More than 30,000 doctors applied for the 21,000 jobs with the NHS and of them 12,000 applicants are Indian. After the shortlist is announced on Monday, interviews will take place in the first week of March. The new immigration rules demand that employers have to prove that they had no appropriate candidates from the UK and EU before offering it to non-EU candidates.

This has meant that around 16,000 doctors from South Asia who have been working here now require a work permit to practise here and would also be at a disadvantage in the competition for jobs. “Indian doctors would only get the jobs that no one else wanted, not the ones they wanted, which is highly unfair,” explained Mehta.
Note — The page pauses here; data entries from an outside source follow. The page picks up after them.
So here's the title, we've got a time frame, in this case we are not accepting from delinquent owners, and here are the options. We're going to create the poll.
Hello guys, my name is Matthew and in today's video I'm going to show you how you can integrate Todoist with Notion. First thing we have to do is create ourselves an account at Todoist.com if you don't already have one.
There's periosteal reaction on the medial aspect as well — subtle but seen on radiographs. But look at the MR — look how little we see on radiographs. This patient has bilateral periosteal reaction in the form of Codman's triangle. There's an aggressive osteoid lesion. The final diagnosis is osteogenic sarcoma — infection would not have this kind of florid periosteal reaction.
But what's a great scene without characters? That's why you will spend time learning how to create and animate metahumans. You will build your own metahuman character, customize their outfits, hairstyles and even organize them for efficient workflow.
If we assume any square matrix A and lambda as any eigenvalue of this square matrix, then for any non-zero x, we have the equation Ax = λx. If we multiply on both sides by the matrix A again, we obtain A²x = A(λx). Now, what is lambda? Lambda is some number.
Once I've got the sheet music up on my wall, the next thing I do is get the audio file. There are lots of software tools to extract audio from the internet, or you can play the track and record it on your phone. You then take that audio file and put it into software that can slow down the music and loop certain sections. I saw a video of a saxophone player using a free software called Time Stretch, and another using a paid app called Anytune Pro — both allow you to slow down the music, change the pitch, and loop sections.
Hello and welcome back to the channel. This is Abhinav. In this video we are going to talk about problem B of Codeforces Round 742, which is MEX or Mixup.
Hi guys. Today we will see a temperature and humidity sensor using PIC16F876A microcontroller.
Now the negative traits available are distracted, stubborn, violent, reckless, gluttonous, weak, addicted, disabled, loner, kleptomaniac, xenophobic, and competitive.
Mehta thanked the international medical community for their support and said this abeyance would never have come about if they had simply sat back and accepted the new rules without putting up a fight. The rules have received a lot of criticism from other non-Asians.

The Royal College of Physicians (RCP) has expressed concern about the welfare of international medical graduates who have been adversely affected by the new laws. One doctor from Pakistan has already committed suicide and thousands of others are living in appalling conditions or suffering from stress due to being unemployed.

“The RCP urges the Department of Health and the Home Office to issue, as an urgent priority, unambiguous advice to remove the uncertainty which prevents international medical graduates from making informed decisions for their professional futures,” said a RCP statement.